Let there be no doubt, the average member of ECS enjoys the occasional drink. Heck, let's be honest, a lot of members really like drinking quite a bit. That there happens to be a game after some of their drinking sessions is surely just a happy coincidence for a good number of them. It's entirely unfair to say the group is all about drinking, but it's ridiculous to deny that drinking is not a major part of their identity. There are plenty of members who don't drink at all or drink only in moderation, but those people were most certainly in the minority during the trip to Vancouver.

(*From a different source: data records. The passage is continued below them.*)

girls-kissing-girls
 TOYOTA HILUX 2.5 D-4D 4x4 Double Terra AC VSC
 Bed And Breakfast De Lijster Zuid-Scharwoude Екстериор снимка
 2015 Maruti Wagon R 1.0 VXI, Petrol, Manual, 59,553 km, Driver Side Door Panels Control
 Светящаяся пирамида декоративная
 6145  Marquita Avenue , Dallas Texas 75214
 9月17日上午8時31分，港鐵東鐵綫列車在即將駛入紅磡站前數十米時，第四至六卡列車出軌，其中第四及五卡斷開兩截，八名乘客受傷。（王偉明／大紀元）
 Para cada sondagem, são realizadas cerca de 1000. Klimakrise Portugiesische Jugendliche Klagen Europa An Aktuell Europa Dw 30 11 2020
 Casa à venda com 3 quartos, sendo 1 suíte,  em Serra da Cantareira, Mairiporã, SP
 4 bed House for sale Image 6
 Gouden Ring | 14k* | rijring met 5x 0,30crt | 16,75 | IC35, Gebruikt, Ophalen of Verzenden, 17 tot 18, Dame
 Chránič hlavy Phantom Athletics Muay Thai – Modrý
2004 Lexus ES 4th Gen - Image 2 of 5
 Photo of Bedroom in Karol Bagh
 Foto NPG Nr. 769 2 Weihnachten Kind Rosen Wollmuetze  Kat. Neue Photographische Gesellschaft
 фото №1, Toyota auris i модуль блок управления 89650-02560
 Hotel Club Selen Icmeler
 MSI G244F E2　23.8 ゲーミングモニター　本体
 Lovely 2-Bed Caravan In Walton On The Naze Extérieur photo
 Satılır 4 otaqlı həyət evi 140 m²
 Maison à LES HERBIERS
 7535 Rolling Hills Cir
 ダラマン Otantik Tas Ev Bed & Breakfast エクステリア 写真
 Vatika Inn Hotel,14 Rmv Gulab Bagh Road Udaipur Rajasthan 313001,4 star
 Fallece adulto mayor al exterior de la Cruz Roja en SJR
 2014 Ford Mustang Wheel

The journey began with members choosing one of three pick-up locations -- Tacoma, Tukwila or Seattle's Northgate. By the time my wife and I arrived at the Northgate location around noon on Saturday, there were already hundreds waiting, many of them with their own caches of alcohol in hand.
We were given our bus assignment -- No. 6, Osvaldo Alonso -- and finally got on the road just before 1 p.m. In all, there were six buses all arranged by ECS, carrying about 350 members. Each was named after a player, with Mauro Rosales, Alvaro Fernandez, Fredy Montero, Kasey Keller and Mike Fucito being the others with buses bearing their names and numbers. Another 80 or so ECS members got themselves to the game and the remaining 70 tickets that were part of the away allocation were distributed by Gorilla FC and North End Faithful, the two other biggest supporters groups.
Just before boarding the bus, we realized all that extra alcohol people brought was merely supplementary. Woodinville-based Red Hook Brewery donated a keg to each of the buses. Shortly after leaving the terminal, the keg was tapped and beers were in the hands of anyone who wanted one within 15 minutes.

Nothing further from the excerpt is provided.